Prediction markets are no longer a niche curiosity. They’re plastered across subway ads and World Cup broadcasts, and they’ve spawned platforms worth tens of billions of dollars. Now a New York-based startup called Pascal wants to elbow its way into the party with a $9 million Series A round led by Union Square Ventures.
Pascal’s pitch is straightforward: build a prediction market that feels less like a novelty betting site and more like a proper trading venue. The platform positions itself closer to perpetual futures than traditional event contracts, targeting serious traders and institutions rather than casual punters scrolling through political odds on their phones.
A crowded field with very large incumbents
Here’s the thing about entering the prediction market space in mid-2026: the two biggest players have already established enormous footholds. Polymarket sits at an approximate valuation of $15B, while Kalshi has reached roughly $22B.
The two incumbents also occupy distinct lanes. Kalshi operates as a CFTC-regulated platform focused on USD-denominated markets, giving it a compliance advantage with US-based institutional players. Polymarket runs on Polygon using USDC, covering a broader array of global events with a more crypto-native approach. Pascal appears to be threading a needle between the two, promising institutional-grade tools with competitive fee structures.
The $9M raise is notable partly because of who’s writing the check. Union Square Ventures has a long track record in both crypto and fintech, having been early backers of Coinbase, Twitter, and Tumblr.
What makes Pascal different
Pascal launched its private beta in June 2026, roughly a month before announcing this funding round. The platform emphasizes a few key differentiators over existing prediction market platforms.
First, the perpetual futures angle. Traditional prediction markets work like binary options: you buy a contract that pays out if an event happens and expires worthless if it doesn’t. Pascal’s approach borrows from the perpetual futures model that has become the dominant trading instrument in crypto markets. Perps, as they’re known in trading circles, don’t have expiration dates. They let traders maintain positions indefinitely while tracking the price of an underlying asset or outcome.
Second, Pascal says it’s building tools specifically for professional and institutional traders.
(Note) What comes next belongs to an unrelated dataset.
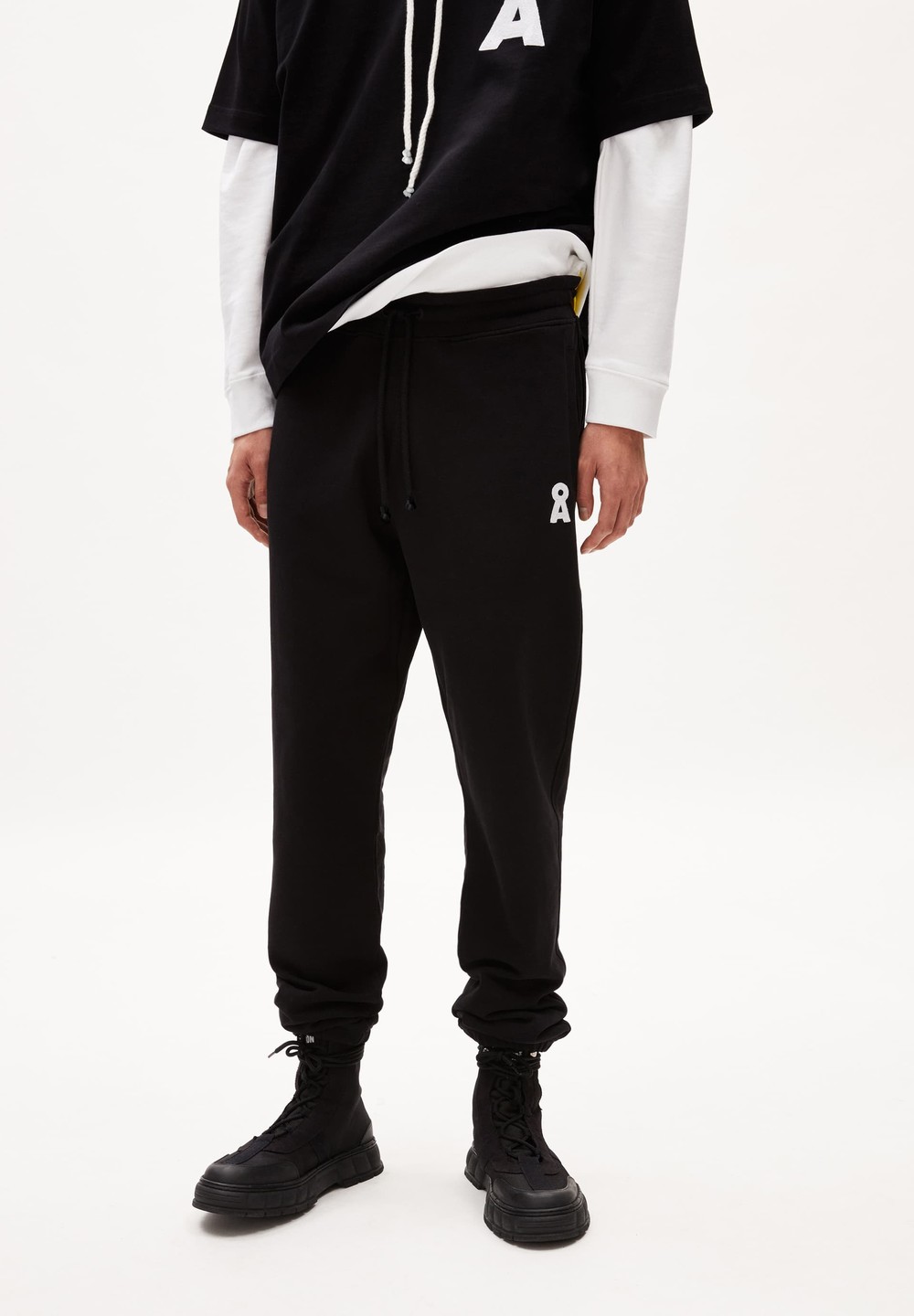 ARMEDANGELS AAIKE ICONIC CAPSULE Heavyweight Sweat Pants Regular Fit made of Organic Cotton Mix Černé | JSORC7921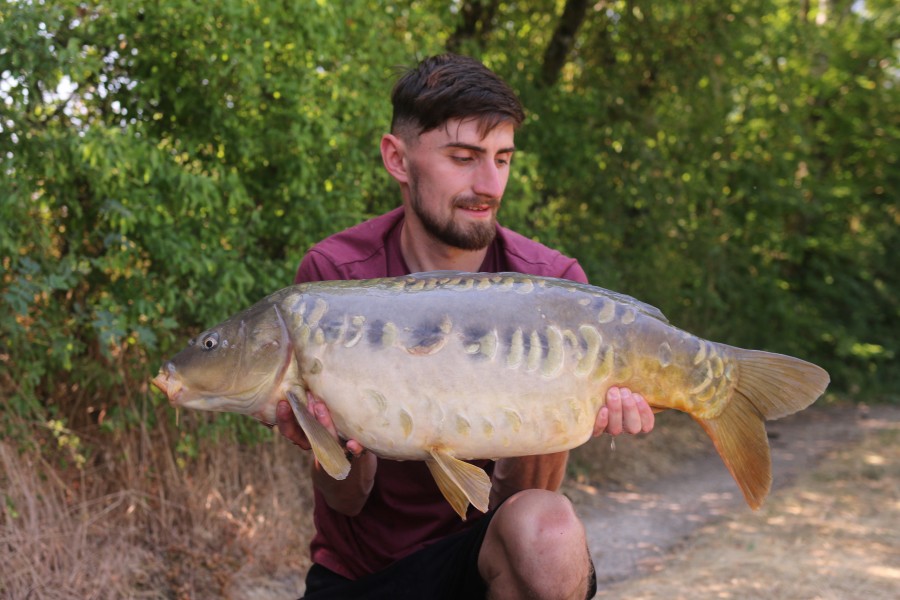 One of the many fish that Billy managed, 'Gert Carp' at 22lb 14oz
That means advanced order types, better execution quality, and solutions to problems like phantom fills, which occur when a trade appears to execute but doesn’t actually get filled.
Third, the fee structure. Pascal is marketing itself as offering competitively low fees, though specific numbers haven’t been disclosed.
This isn’t Pascal’s first rodeo with fundraising either. Pascal Research, a linked entity focused on blockchain financial tools, raised $4M back in August 2025. That earlier round appears to have funded the initial research and development that led to the platform now entering beta.